Nyaope addicts target the dead
They steal ashes of cremated bodies to mix with drugs 50 memorials vandalised for a fix
Drug addicts who have allegedly resorted to a bizzare method of getting high are suspected of stealing ashes of the dead from a cemetery so that they can smoke them.
An employee at Mooifontein Cemetery in Kempton Park, Ekurhuleni, who asked not to be named for fear of losing his job, said more than 50 memorials were vandalised by nyaope users to steal the ashes.
He said the theft has been going on for some time and it was difficult to keep out the thugs who gain access to the graveyard through holes in the fence where people went in and out as they pleased.
“Nyaope addicts vandalise these things because they smoke the ashes.
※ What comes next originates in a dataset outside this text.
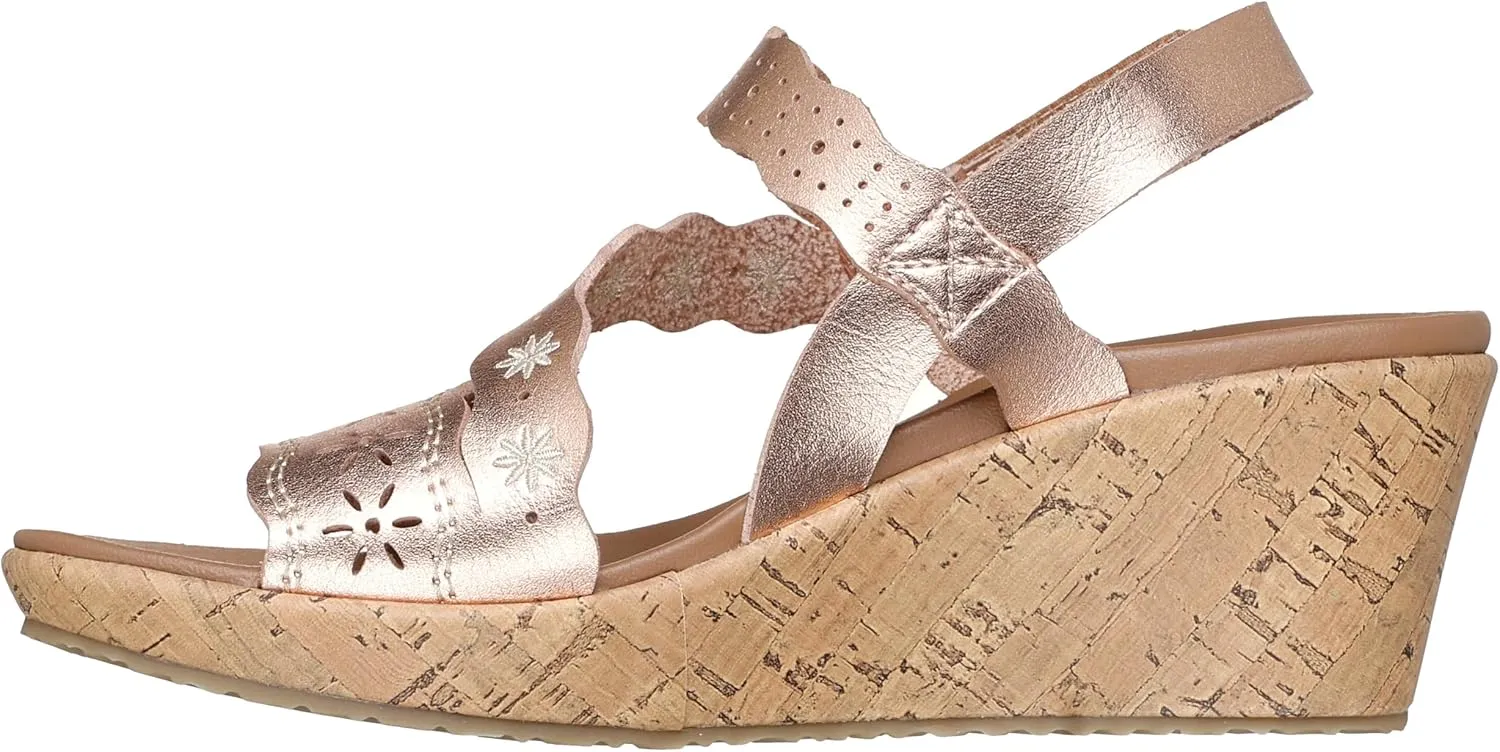Skechers Women's Beverlee-Cherished Aura Wedge Sandal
We man the gate but do not carry out patrols in the cemetery,” the man said.
“Sometimes someone walks in but you do not see what they are up to.”
When the Sowetan visited the cemetery last week, empty wooden boxes that used to store ashes and broken glass vases were all that was left of some compartments, with memorial stones bearing the names of the deceased missing. Some were still intact, though.
People went in and out of the cemetery freely without being stopped by the guards. Our car was neither searched at the gate nor were we asked to fill in a register.
Sowetan interviewed known nyaope addicts at the Leralla train station in Tembisa who said they had heard of people who laced the drug with ashes stolen from cemeteries.
One of the addicts said people who smoked the powder were not in their circles. “They smoke it in the other areas but we have not seen anyone smoke it here,” he said.
Another one said she had heard rumours about the powder but she only laced her drug with dagga.
“We only hear about the powder from other people.”
However, a third addict said he had never heard of such a concoction and that it sounded scary.
Police spokesman Captain Lesibana Molokomme said they had not received reports of cases of vandalised memorials from the cemetery. “According to our records, we do not have such cases,” he said.